START Material for this task
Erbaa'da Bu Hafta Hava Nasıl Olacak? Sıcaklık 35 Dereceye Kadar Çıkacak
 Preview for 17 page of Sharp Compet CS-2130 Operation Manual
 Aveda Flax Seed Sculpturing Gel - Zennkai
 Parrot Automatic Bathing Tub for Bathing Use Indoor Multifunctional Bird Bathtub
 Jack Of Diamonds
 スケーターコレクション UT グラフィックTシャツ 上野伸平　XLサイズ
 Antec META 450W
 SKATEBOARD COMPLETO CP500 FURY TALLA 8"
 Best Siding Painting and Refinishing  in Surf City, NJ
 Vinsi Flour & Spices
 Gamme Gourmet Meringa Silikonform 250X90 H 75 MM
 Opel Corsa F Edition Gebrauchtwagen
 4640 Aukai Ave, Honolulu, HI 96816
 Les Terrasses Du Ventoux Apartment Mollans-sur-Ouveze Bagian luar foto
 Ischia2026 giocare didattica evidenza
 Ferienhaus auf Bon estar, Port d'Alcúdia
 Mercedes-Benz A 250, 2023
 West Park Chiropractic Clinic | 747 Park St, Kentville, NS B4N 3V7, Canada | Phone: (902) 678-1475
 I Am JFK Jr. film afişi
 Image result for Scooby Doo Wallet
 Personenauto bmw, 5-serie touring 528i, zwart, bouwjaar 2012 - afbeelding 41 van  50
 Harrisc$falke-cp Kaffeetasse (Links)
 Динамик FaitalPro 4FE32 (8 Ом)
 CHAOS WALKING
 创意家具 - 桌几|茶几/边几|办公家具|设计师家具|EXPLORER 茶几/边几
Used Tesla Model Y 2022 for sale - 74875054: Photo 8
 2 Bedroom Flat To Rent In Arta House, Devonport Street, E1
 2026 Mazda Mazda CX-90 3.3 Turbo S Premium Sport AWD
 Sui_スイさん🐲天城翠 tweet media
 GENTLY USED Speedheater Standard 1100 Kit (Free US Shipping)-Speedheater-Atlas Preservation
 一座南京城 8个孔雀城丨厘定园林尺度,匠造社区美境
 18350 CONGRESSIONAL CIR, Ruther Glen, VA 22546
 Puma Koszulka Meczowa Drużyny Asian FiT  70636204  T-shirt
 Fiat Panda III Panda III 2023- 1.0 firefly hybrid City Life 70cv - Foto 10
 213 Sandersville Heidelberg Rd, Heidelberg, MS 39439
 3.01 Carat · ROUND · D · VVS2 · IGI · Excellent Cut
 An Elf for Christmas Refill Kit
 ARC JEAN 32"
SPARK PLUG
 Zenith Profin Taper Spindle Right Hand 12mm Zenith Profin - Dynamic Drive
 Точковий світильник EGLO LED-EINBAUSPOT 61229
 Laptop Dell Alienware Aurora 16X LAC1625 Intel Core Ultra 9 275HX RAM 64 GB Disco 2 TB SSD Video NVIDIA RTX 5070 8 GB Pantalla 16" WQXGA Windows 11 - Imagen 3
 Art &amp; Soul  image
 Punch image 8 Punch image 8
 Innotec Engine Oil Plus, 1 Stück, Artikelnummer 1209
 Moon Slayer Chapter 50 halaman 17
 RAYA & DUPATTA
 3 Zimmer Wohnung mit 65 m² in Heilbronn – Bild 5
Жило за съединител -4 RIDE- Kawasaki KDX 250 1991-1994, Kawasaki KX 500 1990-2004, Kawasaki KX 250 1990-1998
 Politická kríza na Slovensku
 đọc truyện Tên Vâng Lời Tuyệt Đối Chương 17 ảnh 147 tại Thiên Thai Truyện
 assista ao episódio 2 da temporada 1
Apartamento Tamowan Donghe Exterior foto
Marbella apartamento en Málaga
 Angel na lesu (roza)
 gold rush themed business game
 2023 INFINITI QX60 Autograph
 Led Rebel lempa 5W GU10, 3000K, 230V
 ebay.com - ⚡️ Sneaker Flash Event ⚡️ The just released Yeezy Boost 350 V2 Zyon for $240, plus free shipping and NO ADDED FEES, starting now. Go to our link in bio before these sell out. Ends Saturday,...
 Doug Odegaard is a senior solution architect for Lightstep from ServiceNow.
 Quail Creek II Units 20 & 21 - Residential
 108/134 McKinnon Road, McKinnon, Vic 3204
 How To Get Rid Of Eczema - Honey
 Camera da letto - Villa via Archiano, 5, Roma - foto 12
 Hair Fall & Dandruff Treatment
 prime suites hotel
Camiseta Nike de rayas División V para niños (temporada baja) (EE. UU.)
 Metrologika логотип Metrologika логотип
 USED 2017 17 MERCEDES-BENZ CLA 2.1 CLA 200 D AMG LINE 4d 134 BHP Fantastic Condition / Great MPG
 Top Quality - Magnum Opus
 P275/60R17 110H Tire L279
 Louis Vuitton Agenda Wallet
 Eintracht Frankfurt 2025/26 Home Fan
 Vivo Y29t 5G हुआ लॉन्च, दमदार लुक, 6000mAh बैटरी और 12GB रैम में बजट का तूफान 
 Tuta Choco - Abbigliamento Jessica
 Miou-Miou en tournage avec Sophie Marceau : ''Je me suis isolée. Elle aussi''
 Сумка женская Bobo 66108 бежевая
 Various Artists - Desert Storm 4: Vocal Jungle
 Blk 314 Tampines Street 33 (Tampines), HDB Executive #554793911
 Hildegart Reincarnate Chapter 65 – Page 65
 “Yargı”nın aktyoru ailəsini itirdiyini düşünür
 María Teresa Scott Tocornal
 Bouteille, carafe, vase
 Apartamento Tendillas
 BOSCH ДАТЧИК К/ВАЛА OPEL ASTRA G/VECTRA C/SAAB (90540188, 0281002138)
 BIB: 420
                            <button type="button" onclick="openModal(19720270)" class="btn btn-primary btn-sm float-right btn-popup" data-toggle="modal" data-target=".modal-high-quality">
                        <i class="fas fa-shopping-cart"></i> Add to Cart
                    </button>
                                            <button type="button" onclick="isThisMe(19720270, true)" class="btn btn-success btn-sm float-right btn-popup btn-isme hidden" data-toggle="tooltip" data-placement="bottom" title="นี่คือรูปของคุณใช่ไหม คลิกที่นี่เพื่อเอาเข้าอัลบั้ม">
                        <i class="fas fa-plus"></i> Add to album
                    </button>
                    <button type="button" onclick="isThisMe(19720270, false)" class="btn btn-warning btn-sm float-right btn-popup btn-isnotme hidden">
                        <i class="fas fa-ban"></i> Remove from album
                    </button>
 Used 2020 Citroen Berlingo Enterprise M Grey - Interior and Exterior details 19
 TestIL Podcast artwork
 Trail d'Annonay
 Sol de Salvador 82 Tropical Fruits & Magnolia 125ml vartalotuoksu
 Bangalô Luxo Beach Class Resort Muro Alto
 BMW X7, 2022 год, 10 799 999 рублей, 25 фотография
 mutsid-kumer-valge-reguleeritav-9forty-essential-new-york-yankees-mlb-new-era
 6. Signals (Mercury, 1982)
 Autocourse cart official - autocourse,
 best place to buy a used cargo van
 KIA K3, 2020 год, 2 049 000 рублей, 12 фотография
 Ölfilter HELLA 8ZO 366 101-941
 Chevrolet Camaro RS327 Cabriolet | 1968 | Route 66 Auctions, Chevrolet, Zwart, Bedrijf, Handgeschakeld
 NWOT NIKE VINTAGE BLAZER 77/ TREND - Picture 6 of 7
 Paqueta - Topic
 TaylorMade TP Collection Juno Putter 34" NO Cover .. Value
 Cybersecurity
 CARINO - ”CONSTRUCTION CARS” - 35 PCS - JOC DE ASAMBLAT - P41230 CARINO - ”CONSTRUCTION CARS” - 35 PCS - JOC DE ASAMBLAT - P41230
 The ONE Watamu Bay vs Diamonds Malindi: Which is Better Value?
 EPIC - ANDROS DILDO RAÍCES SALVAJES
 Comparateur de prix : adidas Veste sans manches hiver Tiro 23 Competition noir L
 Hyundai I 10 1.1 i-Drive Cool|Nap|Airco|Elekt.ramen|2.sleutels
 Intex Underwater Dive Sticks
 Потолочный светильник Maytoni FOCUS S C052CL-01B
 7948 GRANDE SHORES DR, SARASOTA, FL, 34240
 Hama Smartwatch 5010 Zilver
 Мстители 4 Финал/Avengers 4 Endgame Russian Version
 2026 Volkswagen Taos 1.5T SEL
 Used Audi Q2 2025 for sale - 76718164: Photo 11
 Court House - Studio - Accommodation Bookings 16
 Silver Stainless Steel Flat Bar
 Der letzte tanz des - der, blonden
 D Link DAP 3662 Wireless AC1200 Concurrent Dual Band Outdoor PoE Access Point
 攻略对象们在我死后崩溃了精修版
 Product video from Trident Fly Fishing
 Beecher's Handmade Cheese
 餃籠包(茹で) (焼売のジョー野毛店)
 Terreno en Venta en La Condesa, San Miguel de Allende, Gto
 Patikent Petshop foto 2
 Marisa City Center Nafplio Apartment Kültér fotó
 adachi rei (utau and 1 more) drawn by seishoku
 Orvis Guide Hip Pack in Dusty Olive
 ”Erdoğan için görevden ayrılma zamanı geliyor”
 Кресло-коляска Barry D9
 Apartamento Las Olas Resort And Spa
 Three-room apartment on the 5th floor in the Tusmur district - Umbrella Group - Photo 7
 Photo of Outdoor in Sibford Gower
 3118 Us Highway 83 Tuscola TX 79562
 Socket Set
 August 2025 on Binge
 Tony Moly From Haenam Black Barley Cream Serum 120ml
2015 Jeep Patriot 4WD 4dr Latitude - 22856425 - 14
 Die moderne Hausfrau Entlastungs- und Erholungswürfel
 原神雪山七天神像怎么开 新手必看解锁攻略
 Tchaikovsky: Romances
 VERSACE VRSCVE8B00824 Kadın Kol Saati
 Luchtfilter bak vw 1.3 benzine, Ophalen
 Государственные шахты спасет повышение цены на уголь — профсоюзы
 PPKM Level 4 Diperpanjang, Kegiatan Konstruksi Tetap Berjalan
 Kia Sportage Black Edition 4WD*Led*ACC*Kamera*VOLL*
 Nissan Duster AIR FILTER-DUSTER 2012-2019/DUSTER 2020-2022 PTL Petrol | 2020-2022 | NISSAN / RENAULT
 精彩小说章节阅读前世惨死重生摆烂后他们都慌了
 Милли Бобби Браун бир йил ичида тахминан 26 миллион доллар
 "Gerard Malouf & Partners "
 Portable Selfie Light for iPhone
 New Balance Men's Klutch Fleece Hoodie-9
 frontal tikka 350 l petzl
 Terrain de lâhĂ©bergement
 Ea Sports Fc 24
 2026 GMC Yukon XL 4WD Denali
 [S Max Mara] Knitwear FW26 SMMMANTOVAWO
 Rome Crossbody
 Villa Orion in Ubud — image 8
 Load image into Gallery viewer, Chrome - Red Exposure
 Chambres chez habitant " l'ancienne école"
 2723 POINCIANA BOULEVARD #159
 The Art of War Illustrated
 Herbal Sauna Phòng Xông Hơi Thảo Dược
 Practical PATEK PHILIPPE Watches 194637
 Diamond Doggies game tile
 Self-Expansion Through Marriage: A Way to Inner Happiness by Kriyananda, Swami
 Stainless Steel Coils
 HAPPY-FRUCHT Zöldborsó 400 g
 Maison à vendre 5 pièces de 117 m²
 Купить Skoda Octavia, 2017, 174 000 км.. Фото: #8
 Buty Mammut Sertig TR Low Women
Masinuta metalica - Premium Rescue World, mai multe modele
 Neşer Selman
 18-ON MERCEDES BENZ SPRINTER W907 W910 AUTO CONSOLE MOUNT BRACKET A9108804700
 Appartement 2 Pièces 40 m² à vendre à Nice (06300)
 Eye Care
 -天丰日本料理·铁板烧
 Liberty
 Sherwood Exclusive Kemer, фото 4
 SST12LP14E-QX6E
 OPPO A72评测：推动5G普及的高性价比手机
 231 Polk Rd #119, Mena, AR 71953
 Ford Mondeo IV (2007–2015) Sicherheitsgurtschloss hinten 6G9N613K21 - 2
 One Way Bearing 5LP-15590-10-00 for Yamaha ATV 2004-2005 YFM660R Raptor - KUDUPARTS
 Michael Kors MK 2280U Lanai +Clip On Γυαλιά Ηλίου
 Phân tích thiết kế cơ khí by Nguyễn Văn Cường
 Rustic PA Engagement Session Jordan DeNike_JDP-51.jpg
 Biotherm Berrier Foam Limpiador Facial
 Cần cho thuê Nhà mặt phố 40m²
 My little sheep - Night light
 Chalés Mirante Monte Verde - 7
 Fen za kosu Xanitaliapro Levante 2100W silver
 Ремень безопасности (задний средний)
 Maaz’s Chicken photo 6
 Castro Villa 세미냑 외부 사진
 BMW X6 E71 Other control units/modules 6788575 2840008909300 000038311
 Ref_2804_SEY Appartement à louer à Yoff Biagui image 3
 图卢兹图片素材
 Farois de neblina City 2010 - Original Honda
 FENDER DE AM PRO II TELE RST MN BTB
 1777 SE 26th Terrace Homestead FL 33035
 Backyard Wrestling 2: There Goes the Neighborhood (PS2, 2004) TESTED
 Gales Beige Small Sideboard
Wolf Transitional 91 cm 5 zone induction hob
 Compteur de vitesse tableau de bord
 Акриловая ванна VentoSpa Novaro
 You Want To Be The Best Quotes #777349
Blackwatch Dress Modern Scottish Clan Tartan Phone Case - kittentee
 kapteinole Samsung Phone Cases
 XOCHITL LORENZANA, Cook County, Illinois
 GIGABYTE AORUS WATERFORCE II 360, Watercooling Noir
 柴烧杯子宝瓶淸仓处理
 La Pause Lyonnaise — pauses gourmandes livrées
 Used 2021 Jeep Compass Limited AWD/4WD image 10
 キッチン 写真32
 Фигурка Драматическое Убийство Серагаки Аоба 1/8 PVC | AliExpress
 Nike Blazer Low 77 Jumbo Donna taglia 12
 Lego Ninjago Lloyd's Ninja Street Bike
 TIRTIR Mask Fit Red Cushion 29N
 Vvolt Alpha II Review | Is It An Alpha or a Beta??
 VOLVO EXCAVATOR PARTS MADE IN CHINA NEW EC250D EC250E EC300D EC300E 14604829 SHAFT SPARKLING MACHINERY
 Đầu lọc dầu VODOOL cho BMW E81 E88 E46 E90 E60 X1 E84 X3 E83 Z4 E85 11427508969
END Material for this task
For this task, write out exactly the lines of the entries above, starting at the line with "BMW X7, 2022" and ending at the line with "Мстители 4 Финал/Avengers", both included, and no others.

### Response to this exercise
 BMW X7, 2022 год, 10 799 999 рублей, 25 фотография
 mutsid-kumer-valge-reguleeritav-9forty-essential-new-york-yankees-mlb-new-era
 6. Signals (Mercury, 1982)
 Autocourse cart official - autocourse,
 best place to buy a used cargo van
 KIA K3, 2020 год, 2 049 000 рублей, 12 фотография
 Ölfilter HELLA 8ZO 366 101-941
 Chevrolet Camaro RS327 Cabriolet | 1968 | Route 66 Auctions, Chevrolet, Zwart, Bedrijf, Handgeschakeld
 NWOT NIKE VINTAGE BLAZER 77/ TREND - Picture 6 of 7
 Paqueta - Topic
 TaylorMade TP Collection Juno Putter 34" NO Cover .. Value
 Cybersecurity
 CARINO - ”CONSTRUCTION CARS” - 35 PCS - JOC DE ASAMBLAT - P41230 CARINO - ”CONSTRUCTION CARS” - 35 PCS - JOC DE ASAMBLAT - P41230
 The ONE Watamu Bay vs Diamonds Malindi: Which is Better Value?
 EPIC - ANDROS DILDO RAÍCES SALVAJES
 Comparateur de prix : adidas Veste sans manches hiver Tiro 23 Competition noir L
 Hyundai I 10 1.1 i-Drive Cool|Nap|Airco|Elekt.ramen|2.sleutels
 Intex Underwater Dive Sticks
 Потолочный светильник Maytoni FOCUS S C052CL-01B
 7948 GRANDE SHORES DR, SARASOTA, FL, 34240
 Hama Smartwatch 5010 Zilver
 Мстители 4 Финал/Avengers 4 Endgame Russian Version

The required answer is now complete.